Spain judge orders Pinochet widow, other suspects to post bond in money-laundering probe

By Daniel Woolls, AP
Monday, November 30, 2009

Spain wants Pinochet’s widow to post bond

MADRID — A Spanish judge has ordered the widow of Augusto Pinochet, his former lawyer and two bankers to post a $77 million (euro51 million) bond while he probes allegations they laundered money for the late Chilean dictator while he was in power, according to a court document released Monday.

The order came from Judge Baltasar Garzon, who is best known for having Pinochet arrested in London in 1998 and trying, ultimately in vain, to put him on trial in Spain on terrorism, torture and other charges.

The money probe stems from that original case and was instigated at the request of a human rights foundation that works to pay compensation to victims of the Pinochet regime.

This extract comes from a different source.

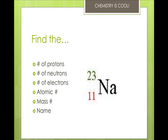Now we're going to practice. Find the number of protons, neutrons, electrons, atomic number, mass number, and the name — you'll need your periodic table. The lower number is the number of protons, which is 11, and that's also the atomic number. The number of neutrons is the mass number minus the number of protons: 23 minus 11 is 12. Because this is a neutral atom, the number of electrons equals the number of protons, so there are 11 electrons. The mass number is 23, and the name of this element is sodium.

Garzon wrote that the bond is to “cover whatever financial liabilities might arise” in his probe of the widow, Maria Lucia Hiriart Rodriguez, and the other three suspects.

The former lawyer is named in the five-page court order as Oscar Custodio Aitken Lavanchy.

The bankers, who work for Banco de Chile, are named as Pablo Granifo Lavin and Hernan Donoso Lira. The bank itself and two of its subsidiaries are named as suspected accomplices.

Garzon said the four suspects, along with Banco de Chile, have 10 days to pay the bond and asked Chilean authorities to notify them of the order.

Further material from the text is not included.